I give this episode 4 out of 5 stars. Whilst it was choppy and fast paced and I therefore had to watch it twice to be confident of the detail in the storyline, I felt that there was an air of excitement and the series was starting as it means to go on, by building a story that would be dynamic and keep us on our toes. The new characters have already made their mark and set up what they are about as well as providing a segway for our much loved characters to get to the business of giving action packed drama. Indeed this is a change from the slower paced, lighter and more locally based stories of the previous seasons but I suppose that since the end of season four marked the turn of the century, it is now time for a Poldark that has literally moved into the 1800s and is giving us something a little different. Within reason!

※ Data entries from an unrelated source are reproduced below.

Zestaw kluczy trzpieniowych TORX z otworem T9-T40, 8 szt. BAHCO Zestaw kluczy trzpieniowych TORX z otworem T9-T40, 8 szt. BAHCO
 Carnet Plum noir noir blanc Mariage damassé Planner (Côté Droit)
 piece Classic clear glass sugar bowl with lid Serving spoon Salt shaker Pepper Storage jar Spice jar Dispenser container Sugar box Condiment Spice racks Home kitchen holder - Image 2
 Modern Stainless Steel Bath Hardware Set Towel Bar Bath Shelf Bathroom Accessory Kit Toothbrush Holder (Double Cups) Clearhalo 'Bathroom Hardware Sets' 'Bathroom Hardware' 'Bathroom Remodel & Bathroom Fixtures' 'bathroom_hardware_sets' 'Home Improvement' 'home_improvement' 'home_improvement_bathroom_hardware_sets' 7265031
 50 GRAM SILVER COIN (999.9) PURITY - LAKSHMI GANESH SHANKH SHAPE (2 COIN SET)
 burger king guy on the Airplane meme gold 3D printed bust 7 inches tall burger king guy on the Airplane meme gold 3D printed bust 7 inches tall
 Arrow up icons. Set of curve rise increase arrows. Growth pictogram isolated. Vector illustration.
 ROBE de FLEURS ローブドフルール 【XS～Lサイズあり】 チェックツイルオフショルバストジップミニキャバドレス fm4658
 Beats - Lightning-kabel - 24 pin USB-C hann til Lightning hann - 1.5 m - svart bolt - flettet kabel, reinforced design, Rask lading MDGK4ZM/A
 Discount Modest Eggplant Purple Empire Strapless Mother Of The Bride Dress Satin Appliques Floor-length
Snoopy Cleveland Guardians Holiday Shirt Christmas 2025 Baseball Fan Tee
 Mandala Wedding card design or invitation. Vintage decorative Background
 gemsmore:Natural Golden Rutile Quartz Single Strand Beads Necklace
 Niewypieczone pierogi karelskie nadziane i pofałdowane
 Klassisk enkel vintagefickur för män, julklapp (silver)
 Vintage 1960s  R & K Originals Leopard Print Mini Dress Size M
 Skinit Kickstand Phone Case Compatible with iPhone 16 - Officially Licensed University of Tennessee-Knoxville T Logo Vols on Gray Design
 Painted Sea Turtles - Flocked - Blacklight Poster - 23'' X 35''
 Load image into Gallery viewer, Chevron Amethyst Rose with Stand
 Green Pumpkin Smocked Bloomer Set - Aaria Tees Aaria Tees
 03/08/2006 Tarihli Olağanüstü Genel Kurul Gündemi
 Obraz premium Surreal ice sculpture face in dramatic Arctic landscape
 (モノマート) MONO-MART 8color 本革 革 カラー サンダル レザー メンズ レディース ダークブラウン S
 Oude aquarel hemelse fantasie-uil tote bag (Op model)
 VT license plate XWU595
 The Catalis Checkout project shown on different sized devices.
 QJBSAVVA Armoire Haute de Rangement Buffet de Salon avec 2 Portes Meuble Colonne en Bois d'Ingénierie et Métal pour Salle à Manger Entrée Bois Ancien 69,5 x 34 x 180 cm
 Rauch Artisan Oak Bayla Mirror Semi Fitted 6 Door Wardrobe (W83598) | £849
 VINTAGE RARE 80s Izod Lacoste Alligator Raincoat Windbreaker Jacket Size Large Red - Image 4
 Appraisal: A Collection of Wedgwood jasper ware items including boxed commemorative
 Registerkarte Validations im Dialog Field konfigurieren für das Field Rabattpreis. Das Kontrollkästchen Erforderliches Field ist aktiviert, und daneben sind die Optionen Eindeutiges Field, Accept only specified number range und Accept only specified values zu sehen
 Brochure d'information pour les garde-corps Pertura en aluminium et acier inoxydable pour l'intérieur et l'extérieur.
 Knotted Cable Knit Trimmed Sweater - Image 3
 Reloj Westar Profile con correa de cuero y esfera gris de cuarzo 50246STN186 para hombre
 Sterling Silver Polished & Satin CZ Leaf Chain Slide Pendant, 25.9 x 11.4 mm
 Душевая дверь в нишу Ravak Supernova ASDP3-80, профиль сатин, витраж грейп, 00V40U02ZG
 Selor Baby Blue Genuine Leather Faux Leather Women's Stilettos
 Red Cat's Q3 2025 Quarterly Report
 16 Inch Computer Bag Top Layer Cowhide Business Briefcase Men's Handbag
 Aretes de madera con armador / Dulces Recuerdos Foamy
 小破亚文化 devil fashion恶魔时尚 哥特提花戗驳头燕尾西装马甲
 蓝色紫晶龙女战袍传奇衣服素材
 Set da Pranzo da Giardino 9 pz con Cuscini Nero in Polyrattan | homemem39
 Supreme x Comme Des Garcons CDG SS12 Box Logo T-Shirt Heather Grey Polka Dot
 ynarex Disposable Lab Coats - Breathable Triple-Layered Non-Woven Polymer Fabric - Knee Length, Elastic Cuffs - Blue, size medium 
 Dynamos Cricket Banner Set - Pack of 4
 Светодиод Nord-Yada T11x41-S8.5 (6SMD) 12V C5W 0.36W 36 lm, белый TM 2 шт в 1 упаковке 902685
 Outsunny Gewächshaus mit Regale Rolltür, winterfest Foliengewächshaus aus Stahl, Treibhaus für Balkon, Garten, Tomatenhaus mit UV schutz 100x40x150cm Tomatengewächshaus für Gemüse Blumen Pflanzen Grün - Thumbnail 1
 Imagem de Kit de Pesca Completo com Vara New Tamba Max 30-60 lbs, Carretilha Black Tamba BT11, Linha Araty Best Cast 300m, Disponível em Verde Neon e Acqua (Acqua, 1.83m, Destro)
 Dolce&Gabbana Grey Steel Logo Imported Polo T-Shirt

My only gripe with the episode was the basis upon which Tess was introduced to us. Her nonsensical and silly misdirected malice towards Demelza makes her a character I struggle to have any understanding or sympathy for in respect of her motivations. I  am resentful that she is the tool who seems to paralyse Demelza's usual common sense and have her making some poor judgment calls.

Favorite scene
1. Demelza in girl power mode putting out the Nampara fire (I always love Kick ass Demelza)
2. Demelza and Kitty connect as former kitchen maids (A new friendship is formed)
3. George acts like his uncle is the one losing it when he dismissively insists that Elizabeth is sitting right before them at the dinner table

Favorite lines
1. George to Geoffrey Charles upon hearing his plans to join the Army "I wish him a speedy bullet." (No love lost there!)
2. Of Elizabeth - Caroline "She did not deserve her fate." Demelza "Nor did her children."  (The irony of a self inflicted fate)
3. George about his impending knighthood "Naturally on does not seek such honour." (No you just pay for it -didn't you George?- for his lack of self awareness)
4. Ross to Demelza "Nothing in my life has meaning without you. No matter what the future brings or what may come between us, that you can rely on." (For the romance of this sweet sentiment but also its foreboding.)

Man/Woman/Person of the match episode
George steals this episode from the off as he is as we have not seen him before; losing his mind with grief yet with the restraint, poise and control that we have typically seen from him in his right mind.